Based in Port Talbot the Welsh pianist and composer Dave Jones has received considerable praise from the London jazz press cognoscenti, notably Chris Parker, for his excellent albums “Impetus” (2009) and Journeys (2010). The first of these was an accomplished piano trio date recorded with brothers Chris O’ Connor (bass) and Mark O’ Connor (drums). The album demonstrated that Jones was not only a talented pianist but also a first rate composer capable of coming up with inventive and memorable themes.

“Journeys” was a more ambitious project that featured a core trio of bassist Ashley John Long and drummer Lloyd Haines with some tracks given extra colour by horn players Gareth Roberts (trombone), Tomos Williams (trumpet) and Lee Goodall (reeds) . The recording also included tasteful string arrangements featuring The Mavron String Quartet. Jones’ compositions were richly textured, melodic and swinging, often highly descriptive and with a great sense of place with the composer taking inspiration from his travels to the USA and elsewhere. 

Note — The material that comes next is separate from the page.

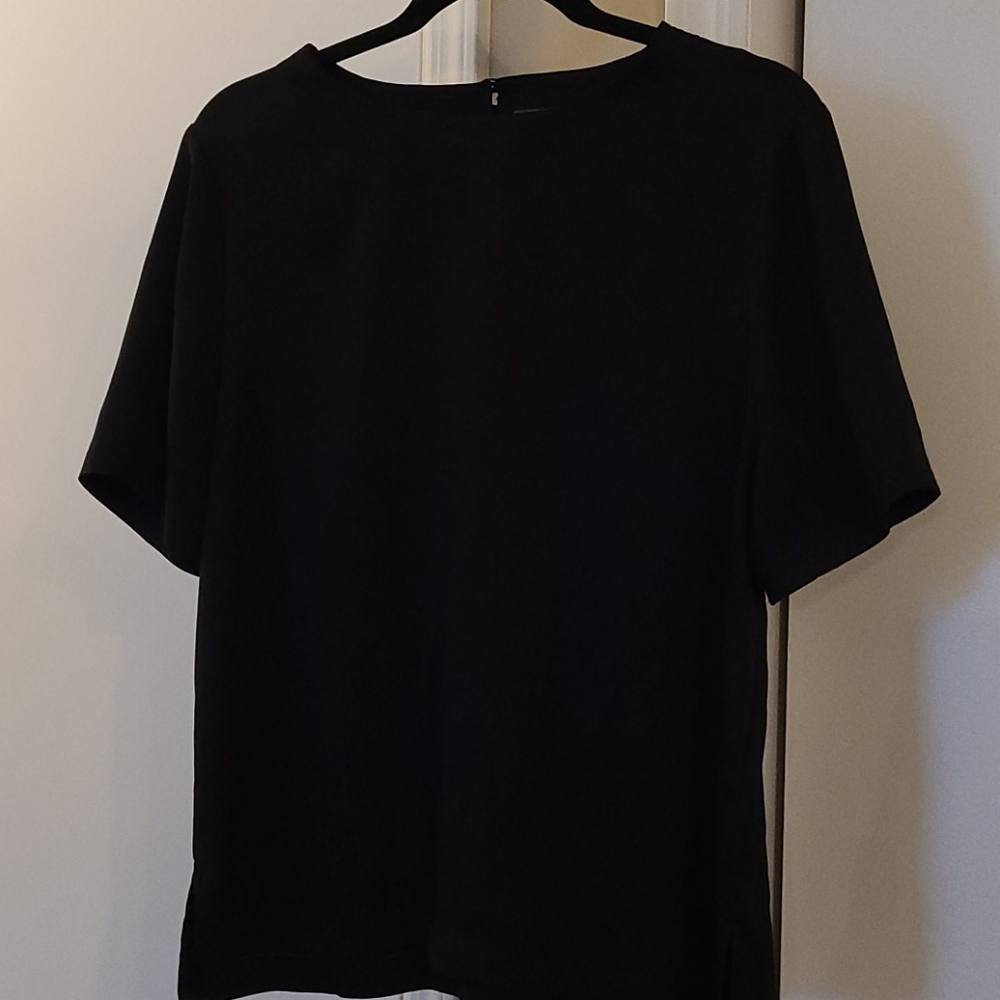 Vince Camuto black blouse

“Resonance” builds on the success of the acclaimed “Journeys” and features a very similar line up with Long and Haines joined full time by Goodall to form a core quartet. Roberts, Williams and the Mavrons also return and there is an additional instrumental voice in the form of trumpet/flugel player Gethin Liddington who doubles up with Williams on a couple of the selections. On three tracks Haines is replaced by Irish drummer Kevin Lawlor, these pieces being the result of a collaboration between Jones and Lawlor that toured the Arts Centre circuit in Ireland in April 2011. There were also a couple of club dates in Wales too.

Although self released Jones’ albums are recorded to a high professional standard at Goodall’s Oakfield studio near Newport with Jones and Goodall acting as co-producers. The packaging is also similarly classy .

The new album kicks off with “The Metro” in an arrangement that includes Goodall on sax and the strings of the Mavron Quartet (Christiana Mavron-violin, Katy Rowe-violin, Niamh Ferris-viola and Lucy Simmonds-cello). The piece begins with the sound of pizzicato strings subsequently joined by piano, bass and drums before Goodall picks out the appealing folk like melody on soprano saxophone as the Mavrons reach for their bows. Goodall’s later solo sees him probing further into the harmonies of the piece. Jones own solo is flowing and lyrical with Long’s resonant bass and Haines’ crisply brushed drums constituting appropriately sympathetic accompaniment. The piece ends with a restatement of the theme with Goodall and the strings again assuming prominence. It’s a beguiling start to the album and a good demonstration of Jones’ superior arranging skills. The Mavrons sound like an essential component of the music rather than just being “bolted on”, something that often occurs when jazz musicians collaborate with classical players.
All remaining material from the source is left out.